Two metatranscriptomic studies were able to identify the contributors of specific pathways’ upregulation and downregulation. Peters et al. [136] observed that Bacteroides spp. were related to the adverse effects of the dysregulation of certain pathways. In particular, B. ovatus was associated with shorter progression-free survival via the upregulation of sugar (L-rhamnose) and vitamin B (pantothenate, pyridoxal 5-phospate, flavin, and 6-hydroxymethyl-dihydropterin diphosphate) biosynthesis pathways. Similarly, B. dorei and B. massiliensis were the major contributors to the upregulation of guanosine nucleotide biosynthesis pathways. Contrarily, petroselinate and synthesis pathways were related to a longer progression-free survival, with the latter being mediated by Coprococcus eutactus. A study by Usyk et al. [133] demonstrated a link between a patient’s microbiome and potentially life-threatening immune-related adverse events. The authors established a connection between adenosine metabolism and the increased occurrence of immune-related adverse events. The link between adenosine signalling and the suppression of tumour immunity has triggered the targeting of multiple signalling components in ongoing clinical trials [137].
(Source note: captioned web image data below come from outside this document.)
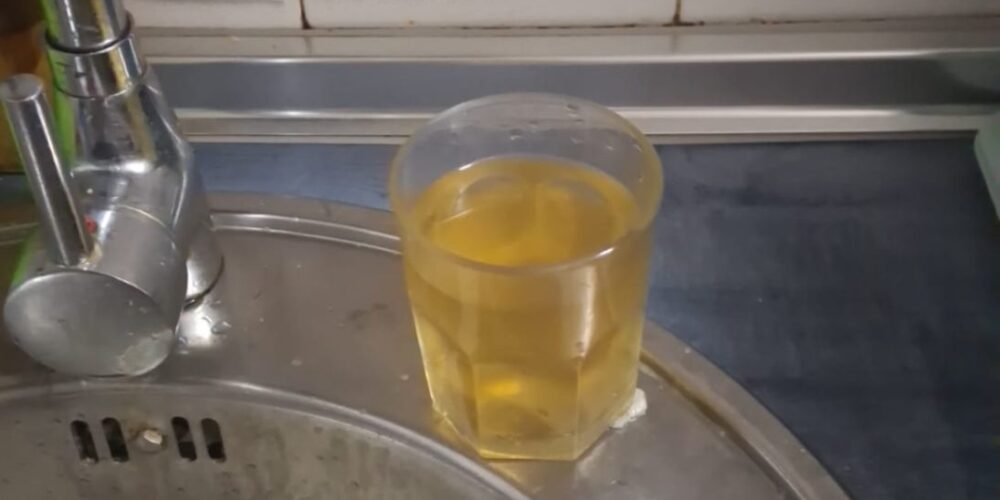 El estado en la el agua corriente llegaba estos días a las viviendas de los vecinos de la zona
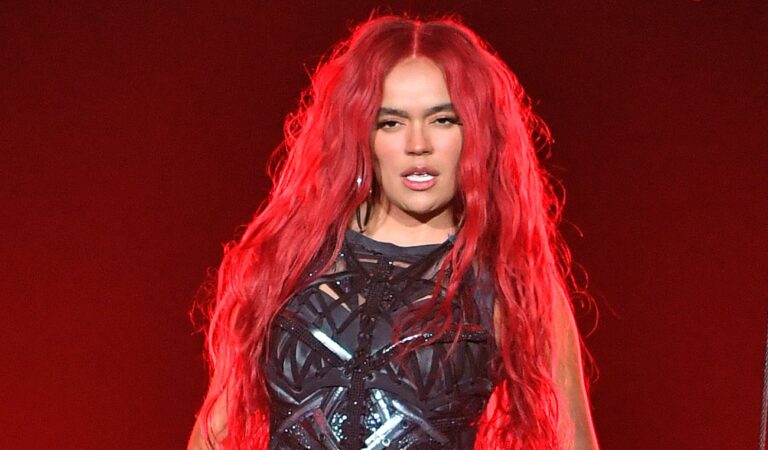 ¡Cuánta sensualidad! Mira el traje que escogió Karol G para Halloween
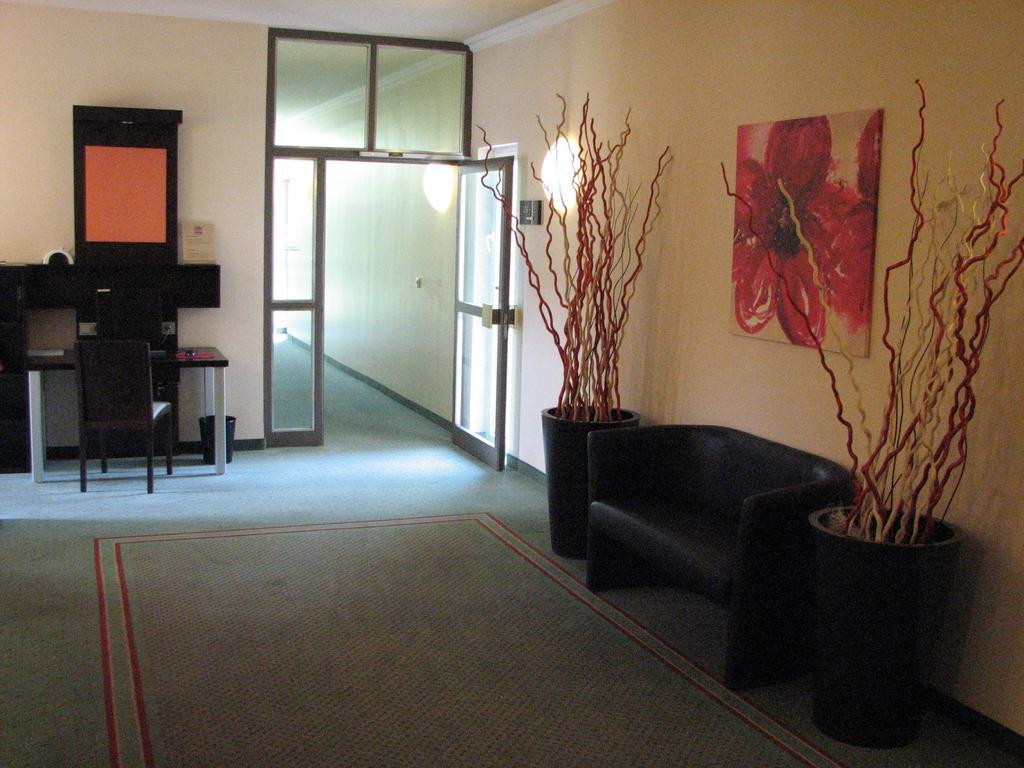 1, 2, Sleep Boardinghouse Unterschleissheim Zentrum エクステリア 写真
Immunosuppressed individuals have a substantially augmented risk of developing non-melanoma skin cancer (NMSC), with the DNA of HPV commonly found in these tumours [139]. Arroyo Mühr et al. performed two separate studies [140,141] in which they investigated the link between HPV virus infections and the development of NMSC. In their first study, the researchers performed Illumina DNA sequencing on eight different NSCSs from a single patient that developed over a span of 10 years in comparison to eight different NMSCs from eight different patients. They concluded that viruses repeatedly found in independent tumours from a single patient might be more likely to play a role in tumorigenesis than viruses sporadically found in only a subset of specimens and acknowledged that the persistence of HPV over an extended period of time is an important factor for the maintenance of a tumour-conducive ME as well as for tumour progression.
In a subsequent study, they analysed 345 NMSC samples developed after organ transplantation and identified that only 15/345 NMSCs were positive for HPV. The authors then concluded that HPV infections are likely unrelated to a significant increase in NMSC incidence after organ transplantation.

10. Conclusions and Final Outlook

The human microbiome plays an important role in the onset and progression of many cancers, as well as in the patient’s response to treatments, particularly in therapies targeting the immune system [142]. Up to now, most studies have focused on microbiome composition using 16S rRNA amplicon sequencing and shotgun metagenomics. Metatranscriptomics, on the other hand, has been seldom performed in cancer research.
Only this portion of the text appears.